Kelompok kampanye yang berbasis di New York itu, seperti dilansir Reuters, menyatakan telah mendokumentasikan kasus pemerkosaan dan berbagai kekerasan seksual lainnya terhadap anak perempuan 13 tahun ke atas. Mereka melakukan wawancara terhadap 69,000 muslim Rohingya yang berhasil melarikan diri ke Bangladesh, setelah pasukan Myanmar melakukan serangan terhadap pos perbatasan empat bulan lalu.
"Kekerasan seksual itu tidak tampak acak atau oporunis, namun merupakan bagian dari serangan yang terkordinasi dan sitematis terhadap Rohingya, karena perbedaan etnis dan agama," kata seorang aktivis Human Right Watch (HRW).
Sejauh ini kantor berita Reuters masih belum dapat menghubungi juru bicara pemerintah Myanmar untuk meminta tanggapan atas tuduhan tersebut. Diperkirakan sekitar 1,1 juta rakyat Rohingya hidup di negara bagian barat Rakhine, tapi tidak mendapat akses serta layanan apapun dari negara bagian tersebut. Warga Rohingya tidak mendapat kewarganegaraan Myanmar dan seringnya mereka disebut, "Bengalis" yang berarti imigran ilegal dari Bangladesh.

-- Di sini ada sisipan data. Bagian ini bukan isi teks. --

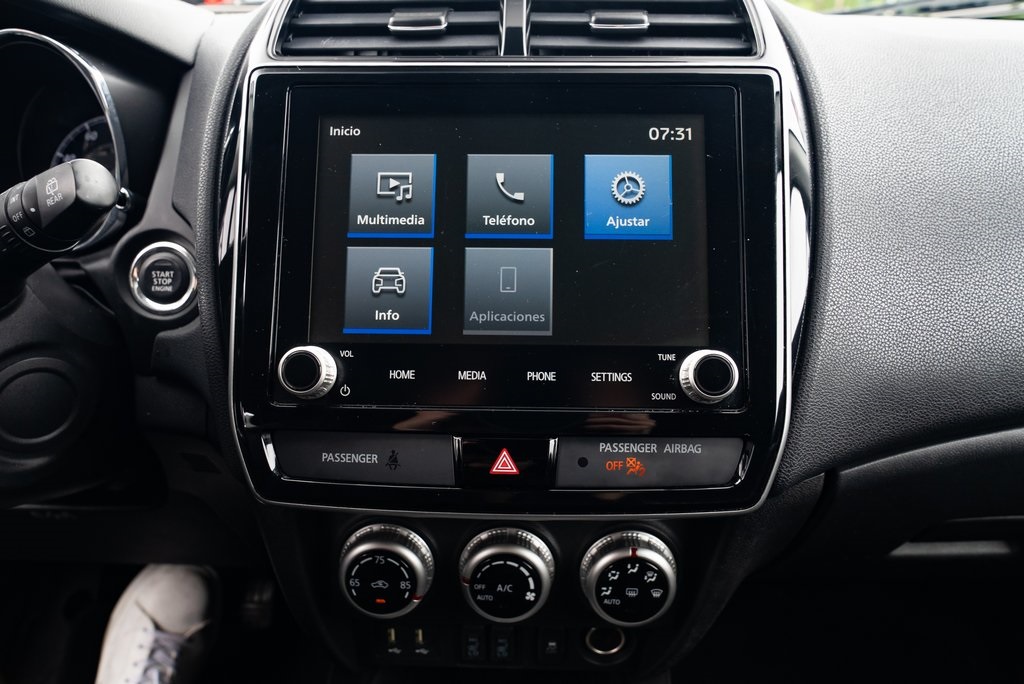 Vehicle image 23 of 27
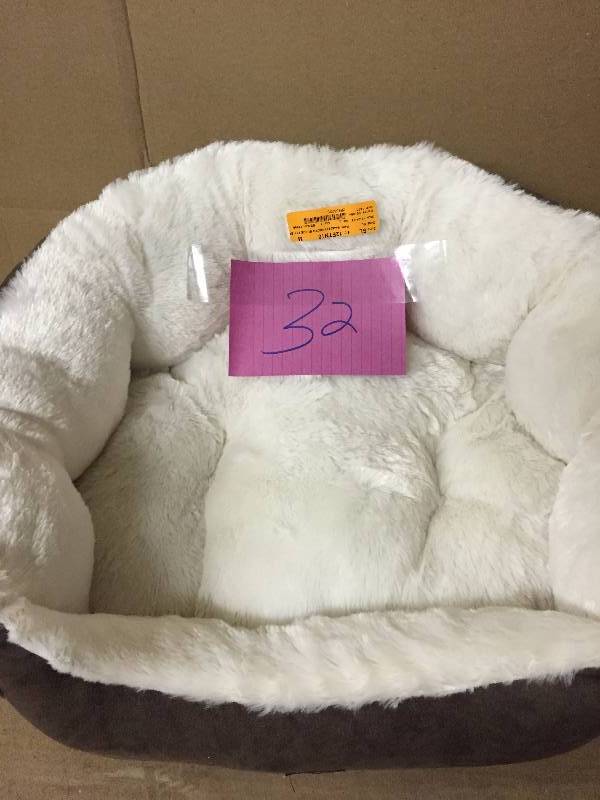 lot 32 image: Pet Bed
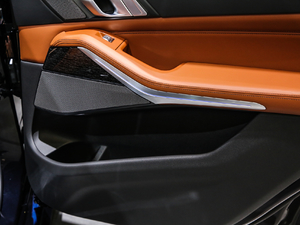 2019xDrive40i  M\b g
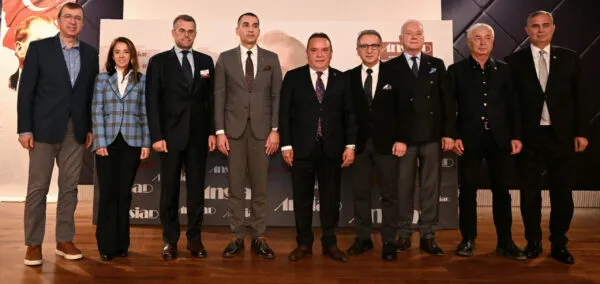 BÖCEK.. ‘BİR 5 YIL DAHA’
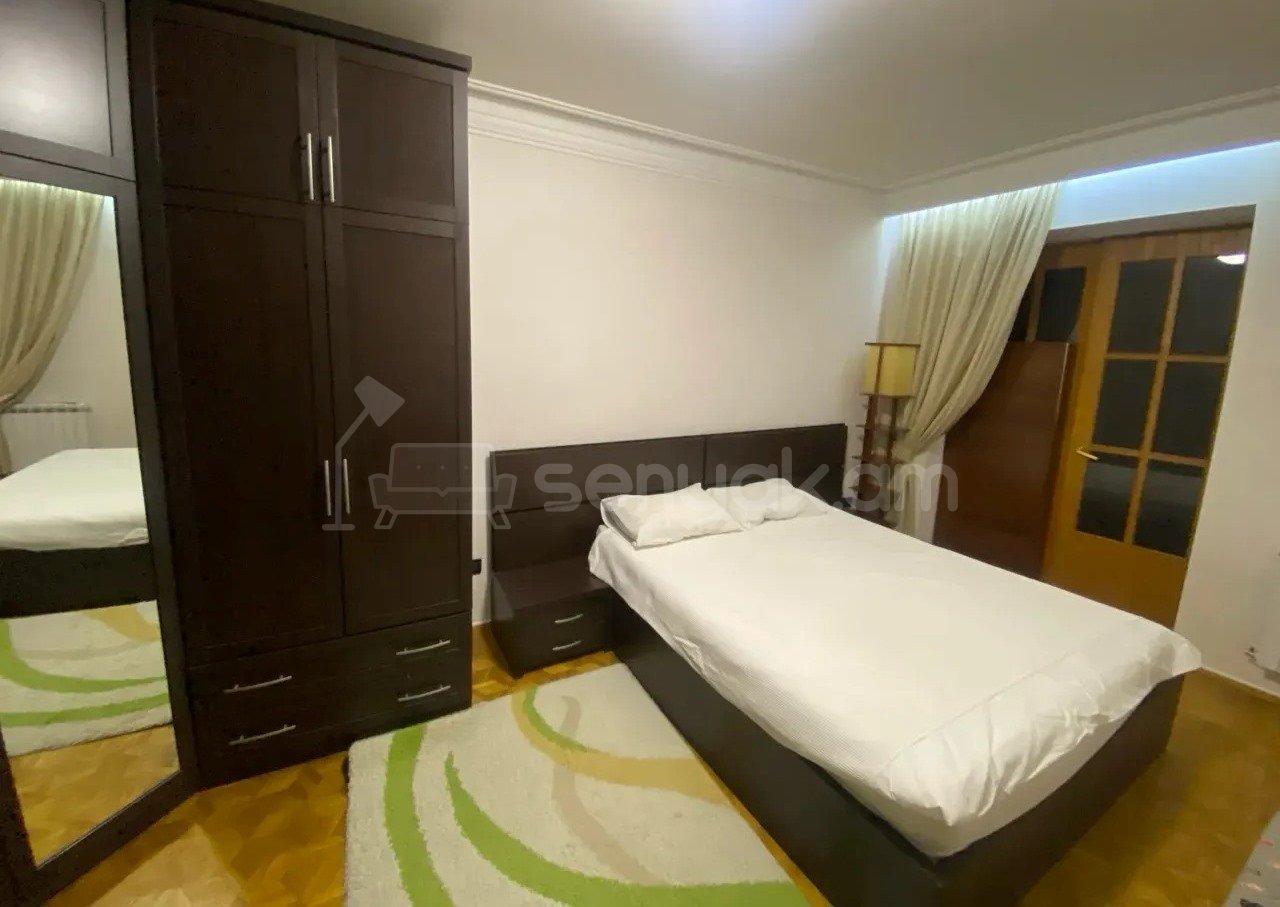 2 Սենյականոց Բնակարան Քարե Շենքում, 62քմ, 5/5 հարկ, Դիզայներական Վերանորոգված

Banyak wartawan dan pengamat telah dilarang utnuk memasuki zona operasi militer di Rakhine utara sejak serangan yang terjadi pada 9 oktober lalu. Pemerintah Myanmar sejauh ini relah membantah tuduhan bahwa tentara telah memperkosa, memuku, membunuh dan berlaku sewenang-wenang terhadap warga sipil. Pemerintah bahkan bersikeras bahwa pembakaran desa-desa dan tindakan lain merupakan bagian dari operasi untuk memberantas kelompok pemberontak Rohingya bersenjata.
Laporan dari HRW mencuat hanya beberapa hari setelah tim investigasi PBB menyatakan bahwa pasukan keamanan Myanmar telah melakukan pelanggaran terhadap kemanusiaan. Menyebabkan terjadinya dilema bagi pemimpin de facto Myanmar Aung San Suu Kyi. Pemenang hadiah nobel perdamaian itu mengambil alih urusan sipil pada bulan April dan mengawali transisi bersejarah, dari pemerintahan yang dulunya dikuasai militer. Namun tentara tetap mempertahankan seperempat kursi di parlemen dan tetap memimpin kontrol kementrian yang terkait dengan keamanan.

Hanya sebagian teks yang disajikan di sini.